Of course, they always stress that the real goal isn't just remission but steroid-free remission, so this study appears to muddy the waters as much as anything.
 
Swerd

Swerd

Audioholic Spartan
I can't access the full paper. I do know that several of those authors have been speakers at the conference I attend. The topic of whether or not Entyvio or an anti-TNF should be first line therapy for UC patients was discussed at last year's conference. Of course, ideally, there would be personalized medicine where some kind of test (blood test? biopsy?) would tell the doctor ahead of time which one the patient would respond to best. But that doesn't exist and may not for a long time.
If you want to see this paper now, why not email one of those authors? Tell him who you are and why you want to see the whole paper. I'd bet he can easily download a PDF copy and email it to you. Anyone who works in an academic institution in the US should have access to that.

In older days before the internet, whenever you published a paper, you got printed copies from the journal. Interested people would send postcards asking for a copy. It was routine, and it was considered standard courtesy to mail out copies. This was especially true for people who didn't have access to medical libraries or copiers.
They said that the anti-TNFs tend to work much quicker than anti-integrins (days or weeks compared to weeks-to-months). But over time the anti-integrins catch up, so to speak, and in the long run may be superior. They (the anti-integrins) also have a better safety profile (lower risk of serious side effects), so that weighs in the the dilemma as well.
That's what I gathered just from reading the abstract and introduction. Thanks for the background you learned from the conference.
Of course, they always stress that the real goal isn't just remission but steroid-free remission, so this study appears to muddy the waters as much as anything.
As I've been learning – as you've been telling me. I've been on 20th century anti-inflammation medications for some time. And I've wanted to go on Humira or something like it, for the last 3 years. I guess I had unrealistic expectations about it. It's good to be optimistic about one's future with chronic auto-immune diseases like RA or with cancer, but I'm actually not too surprised that the modern monoclonal antibodies still require additional medications, careful monitoring, and fine tuning.

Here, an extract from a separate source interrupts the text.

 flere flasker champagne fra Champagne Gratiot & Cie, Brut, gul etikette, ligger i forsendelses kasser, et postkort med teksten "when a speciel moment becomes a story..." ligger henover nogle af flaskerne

I'd like to stay in touch with you on this subject. Your experience & knowledge is valuable. I'll send you a PM with my email address.
 
Pogre

Pogre

Audioholic Warlord
I just wanna say that I've been following and I care. I've been quiet in this thread because I never know what to say in these situations, but I also wanna let you know, well, you know...

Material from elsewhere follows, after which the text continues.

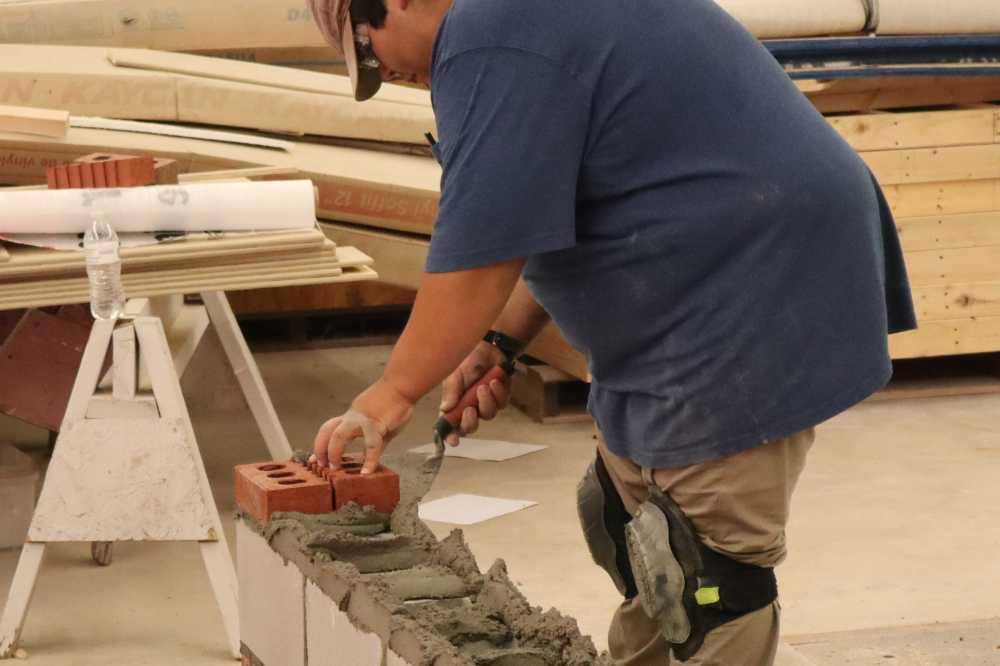 Student building a wall with bricks.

I'm wishing for you the best outcome possible @Swerd! I do have faith in our scientific and medical community. I can easily remember when the prognosis for cancer used to always be dire. It's not that way anymore, and they keep getting better at combating it.
 
Swerd

Swerd

Audioholic Spartan
Today is Monday April 6th and my surgery had been set for next Monday, April 13. That got canceled due to Coronavirus. I just got off the phone about an hour ago.

Surgery is now scheduled for June 25th. I certainly hope things are somewhat more like normal than they are now :oops:.